Sie stand auf und gab den Männern einen Wink, dass sie weiterfahren können. Sie weinte nicht, obwohl ihre Augen brannten vor Schmerz. Inzwischen kamen auch meine Geschwister, die beim Nachbarn gespielt hatten. Dort hatten sie es schon erfahren. Ein grosses Weinen und Klagen hatte alle ergriffen. Auch die Mutter weinte stille Tränen, die sie immer wieder abwischte. Dann richtet sie sich auf und sagte:
"Kinder, seid nun rihig! Mit viel Jammern können wir dem Papa nicht helfen."
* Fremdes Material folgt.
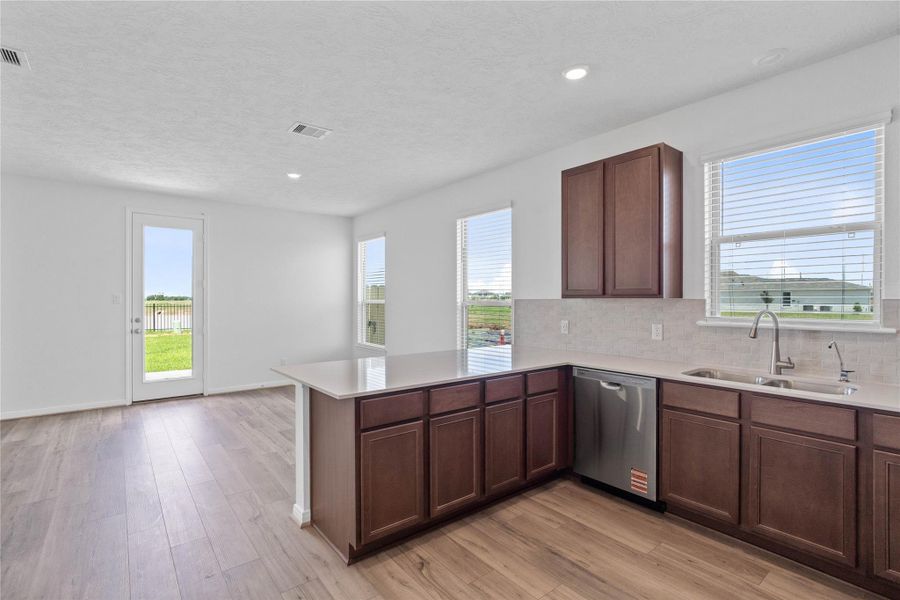 Bright kitchen featuring a sunny window over the sink, scenic backyard views, and seamless flow into the dining. Bright kitchen featuring a sunny window over the sink, scenic backyard views, and seamless flow into the dining.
Sie ging uns voraus in die Stube zum Herrgottswinkel. Da kniete sie nieder und winkte uns, dass auch wir hinknieen. Sie betete den schmerzhaften Rosenkranz vor. Wir beteten nach. Dann stand sie auf und winkte uns, wir sollen uns setzen. Sie sagte Worte, die ich nie vergessen konnte. Die mir für mein ganzes Leben Wegweisung wurden:
"Kinder, der Vater war ein guter Christ. Er hat treu in Christus gelebt. Darum sollen wir nicht traurig sein. Er ist wahrscheinlich schon im Himmel. Das Leben auf dieser Welt ist nur der Weg in die Ewigkeit. Für einen guten Christen ist es der Weg in den Himmel. Beim lieben Papa ging es zu schnell. Aber der liebe Gott weiss, warum er ihn so bald heimgerufen hat. Vielleicht wollte er ihn vor einem grösseren Unglück bewahren, das ihm im Glauben geschadet hätte.
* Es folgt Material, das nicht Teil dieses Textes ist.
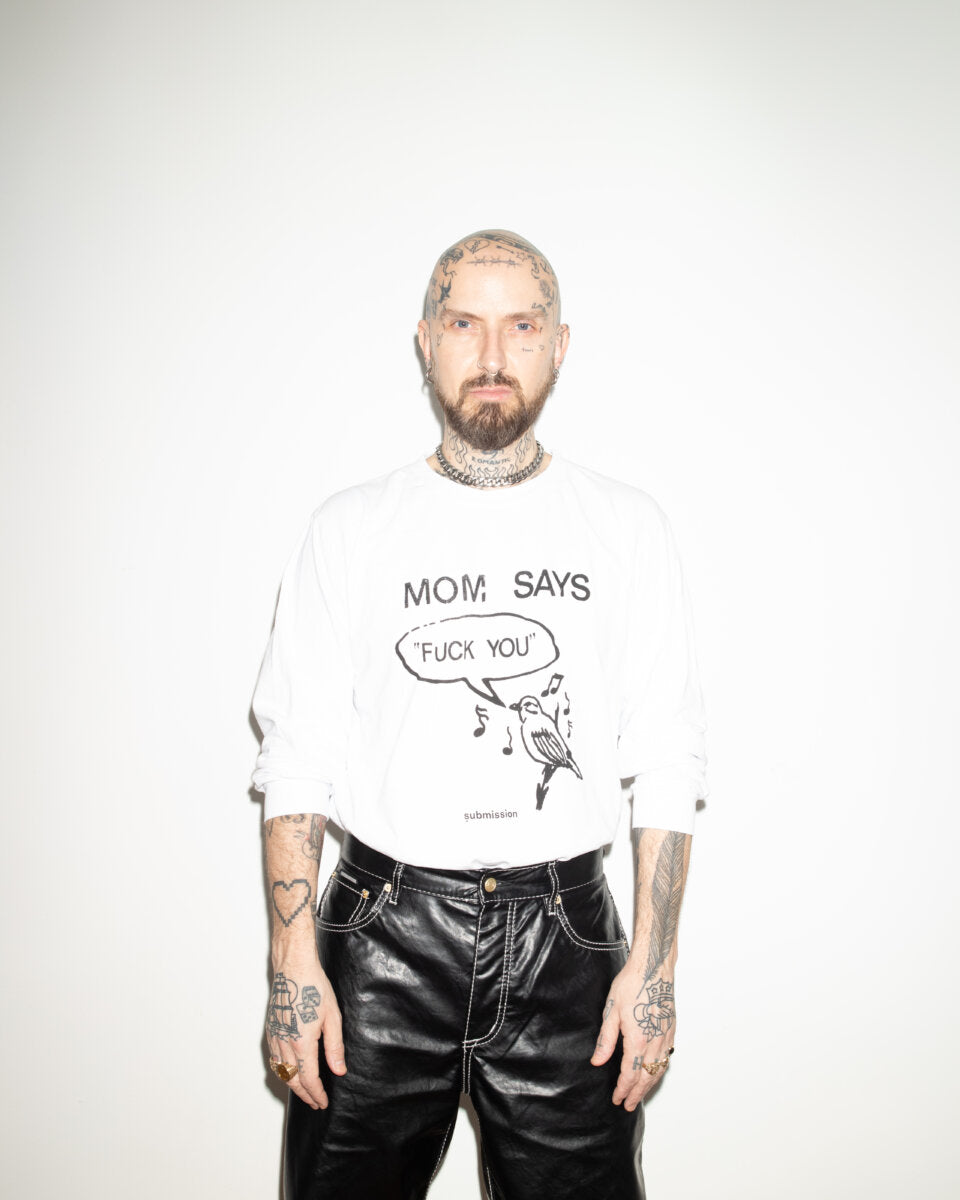 Submission Beauty long-sleeved T-shirt, 100% reclaimed post-industrial waste cotton, made in the USA, featuring a graphic designed by artist B. Thom worn by a male model with light complexion who is bald with a tattooed head with a neutral expression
Der Vater wird vom Himmel aus für uns sorgen. Er wird uns zum guten mahnen. Wir hören seine Stimme nicht mehr mit den Ohren. Aber mit dem Herzen können wir sie hören. Achtet gut auf diese Stimme, dann wird euch der Vater überall beschützen können. Es wird euch kein Unheil geschehen, das euch schaden könnte. Vertraut dem Vater! Er wird immer bei uns sein, auch wenn wir ihn nicht sehen können.
Kinder, das musste ich euch sagen im Auftrag des Vaters! Mir ist als hätte er mir das wortwörtlich zugeflüstert. Nun seid tapfer, wie es der Papa von uns erwartet."
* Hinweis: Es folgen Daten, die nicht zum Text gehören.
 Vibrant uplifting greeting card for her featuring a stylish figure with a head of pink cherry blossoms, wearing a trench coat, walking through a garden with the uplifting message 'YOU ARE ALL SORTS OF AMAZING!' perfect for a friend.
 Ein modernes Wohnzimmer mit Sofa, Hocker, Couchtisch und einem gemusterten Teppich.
Eines Tages kamen meine zwei älteren Brüder begeistert heim und riefen: "Mama, unser Führer ruft uns zu den Waffen, weil die Polen uns überfallen."
Da legte unsere Mama den Beiden die Hände auf die Schultern und sagte sehr ernst:
"Buben, Hitler ist die grösste Versuchung, die Gott zugelassen hat, um unseren Glauben zu prüfen. Jetzt kann jeder zeigen, wem er mehr glaubt, Jesus oder Hitler. Wenn ihr einrücken müsst und wenn ihr wollt, dass euer Vater mit euch ist und euch beschützt, dann hört, was er euch sagen will:
"Buben, schaut immer aufwärts zum Himmel! Hört nicht auf das Geschrei der Leute, die nicht weiterdenken können. Was ihr nun wagen müsst, wagt es mit Jesus! Dann wird Jesus euer Sieg sein für den Himmel! Unser wahrer Führer ist nur Jesus."
Als ich beim letzten Urlaub von der Mutter Abschied nahm, sagte sie mir nach dem Segenskreuzerl:
"Die Deutschen haben sich mit Hitler teuflisch erhoben. Darum muss sie Jesus unter das Kreuz seiner Liebe beugen, damit sie wieder für den Himmel taugen. Bub, hab keine Angst! Ich segne dich immer und der Vater geht mit dir und beschützt dich! Ich spüre das! Du kommst wieder, wenn du auch zum Wagnis der Liebe mit Jesus viel ertragen musst."
Er erzählte weiter:
"Ich musste oft staunen, wie ich in der schweren sibirischen Gefangenschaft bestehen konnte, obwohl mich die Russen in ein Straflager bringen wollten, weil ich die Rechte der Gefangenen so streng gefordert habe. Sie haben mich angespuckt, sie haben mich geschlagen und haben mich in den Hungerbunker gesperrt, aber ich hab mich nie gefürchtet und habe weiter die Rechte meiner Kameraden gefordert.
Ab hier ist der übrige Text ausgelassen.